Here is the ordering for the input of the neighbors:

5 1
1 2
1 4
1 3
3 8
4 9
3 9
4 6
6 7

Here are the class implementations:

class Node:   
    def __init__(self, i):
        self.index = i
        self.neighbors = []

    def createNeighbor(self, neighbor):
        self.neighbors.append(neighbor)

    def __str__(self):
        neighbors = [str(n.index) for n in self.neighbors]
        return "(i = %d, neighbors: %s)"%(self.index, " ".join(neighbors))

    def __repr__(self):
        return str(self)

and

class Graph:
    def __init__(self):
        self.nodes = defaultdict(lambda: False)

    def neighborNodes(self, node, neighbor): 
        if not self.nodes[node.index]:
            self.nodes[node.index] = node

        if not self.nodes[neighbor.index]:
            self.nodes[neighbor.index] = neighbor

        self.nodes[node.index].createNeighbor(neighbor)
        self.nodes[neighbor.index].createNeighbor(node)

    def printNeighborsNeighbors(self, start_num):
        node = self.nodes[start_num]
        print(node.neighbors)
        for n in node.neighbors:
            print(n.neighbors)

    def listNodes(self):
        for node in self.nodes.values():
            print(node)

Here's what I'm thinking:

  • This does not solely relate to the input text file left-right ordering on a per-line basis because 3 has two "bad" neighbors (where info is lost) and one was input as 1 3 and the other was input as 3 9
  • This does not solely relate to the text file input as far as the line-ordering goes because the good neighbor for 3 was input before one bad neighbor of 3 but after the other bad neighbor.
  • When I run printNeighborsNeighbors(4) , 9 and 6 have their neighbors listed correctly but 1 has nothing listed. So it seems to be an all-or-nothing error. Either you've got all the true neighbors or you just don't have a list of neighbors at all. This part is the most confusing. It's not a matter of overwriting an object, this feels more like some kind of C++ style object slicing.

I can easily get around this problem by always going through the graph dictionary, but I'd like to know what's going on here.
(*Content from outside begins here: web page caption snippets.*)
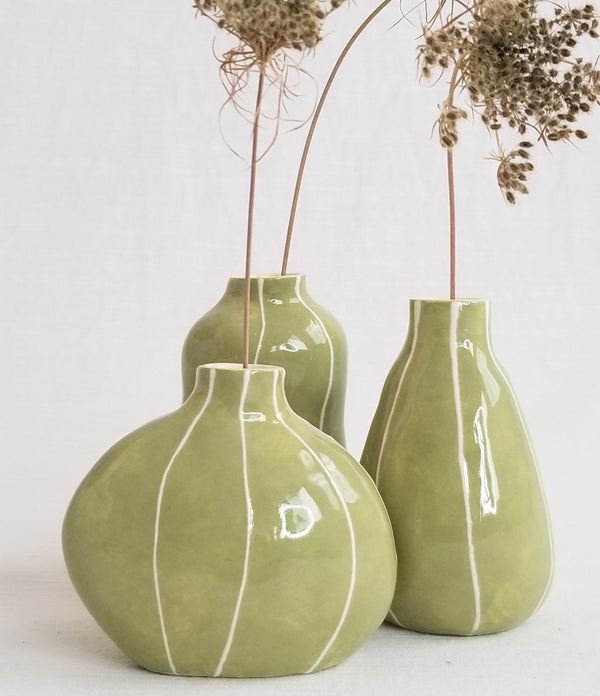 Sage Bud Vases by Kri Kri Studio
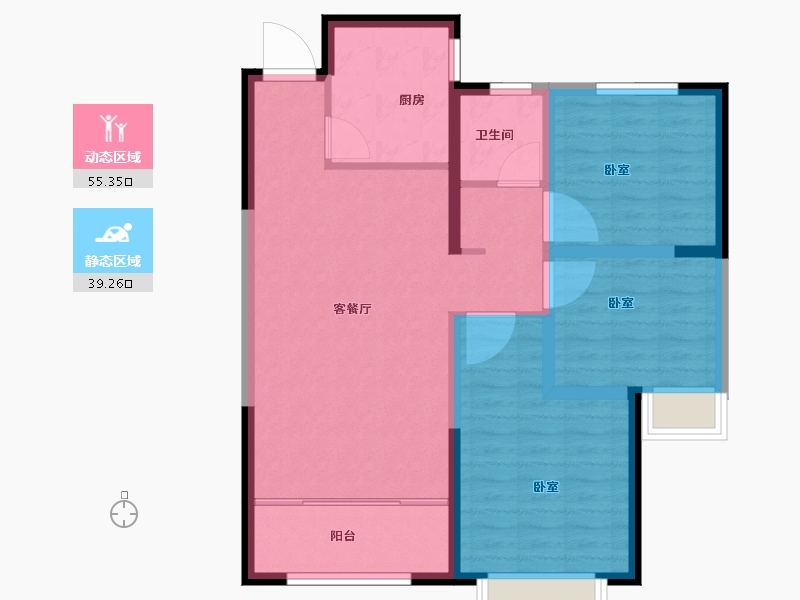 山东省-菏泽市-中达诚府-85.00-户型库-动静分区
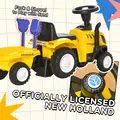 HOMCOM Ride On Tractor Toddler Walker Foot To Floor Slider w/ Horn Storage Steering Wheel for 1-3 Years Old Yellow - 4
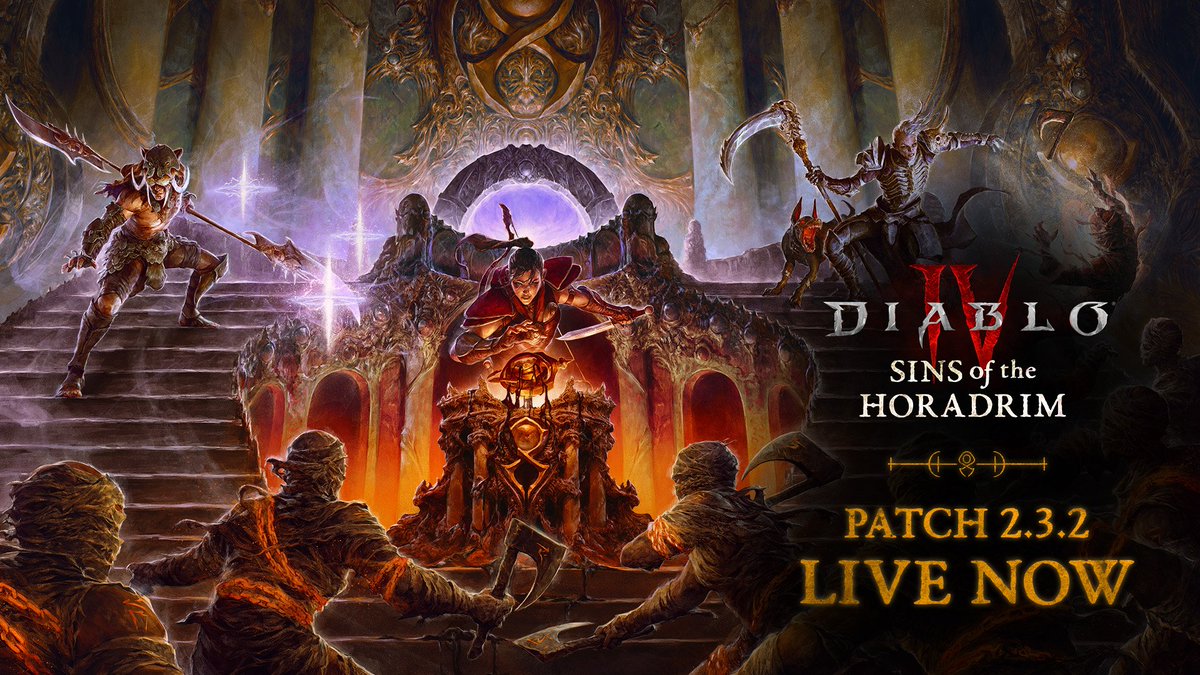 playdiablo_jp's tweet photo. #ディアブロIV パッチ2.3.2がリリースされました。 

詳細はWEBをチェック✅
https://t.co/rSVrOuwIB6 https://t.co/9tQ2NhxZRp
Seems like I am misunderstanding something important about how Python handles these objects.

Thanks for any corrections or suggestions of what to try.
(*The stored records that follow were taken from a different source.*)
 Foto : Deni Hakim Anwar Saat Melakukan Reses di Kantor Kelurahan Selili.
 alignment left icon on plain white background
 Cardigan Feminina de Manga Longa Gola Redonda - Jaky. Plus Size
following MK's suggestion here's a working example:

input.txt

1
9 9
5 1
1 2
1 4
1 3
3 8
4 9
3 9
4 6
6 7
8

and I just ran this .py so it should work:

import copy
from collections import defaultdict


class Node:   
    def __init__(self, i):
        self.index = i
        self.neighbors = []
        self.currentPath = []

    def createNeighbor(self, neighbor):
        self.neighbors.append(neighbor)

    def __str__(self):
        neighbors = [str(n.index) for n in self.neighbors]
        return "(i = %d, neighbors: %s)"%(self.index, " ".join(neighbors))

    def __repr__(self):
        return str(self)

class Graph:
    def __init__(self):
        self.nodes = defaultdict(lambda: False)
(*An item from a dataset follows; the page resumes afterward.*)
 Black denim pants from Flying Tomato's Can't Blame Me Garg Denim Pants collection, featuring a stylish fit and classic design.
    def neighborNodes(self, node, neighbor): 
        if not self.nodes[node.index]:
            self.nodes[node.index] = node

        if not self.nodes[neighbor.index]:
            self.nodes[neighbor.index] = neighbor

        self.nodes[node.index].createNeighbor(neighbor)
        self.nodes[neighbor.index].createNeighbor(node)

    def printNeighborsNeighbors(self, start_num):
        node = self.nodes[start_num]
        print(node.neighbors)
        #for n in node.neighbors:
         #   print(n.neighbors)

    def listNodes(self):
        for node in self.nodes.values():
            print(node)


f = open('input.txt', 'r')
t = int(f.readline())


for _ in range(t):

    graph = Graph()
    n, m = f.readline().split()
    n = int(n)
    m = int(m)
    for _ in range(m):
        x, y = f.readline().split()
        x = int(x)
        y = int(y)
        nodeX = Node(x)
        nodeY = Node(y)
        graph.neighborNodes(nodeX, nodeY)
    s = int(f.readline())

    print("running graph.listNodes")
    graph.listNodes()
    print("running print neighbors neighbors")
    graph.printNeighborsNeighbors(4)

The problem is that your are enforcing uniqueness of node objects by index. When neighborNodes() method is called it gets a newly created Node instance which you only add to the self.nodes() if needed, which is "correct": it will only record one instance of Node per index. But you are still creating a new instance of Node which you will throw away, except you first pass it to the Node.createNeighbor() method and that throw-away instance gets recorded as a node's neighbor. As a result only one direction of the the neighborhood relationship is recorded.

Here is one possible fix:

if not self.nodes[node.index]:
    self.nodes[node.index] = node
else:
    node = self.nodes[node.index]

if not self.nodes[neighbor.index]:
    self.nodes[neighbor.index] = neighbor
else:
    neighbor = self.nodes[neighbor.index]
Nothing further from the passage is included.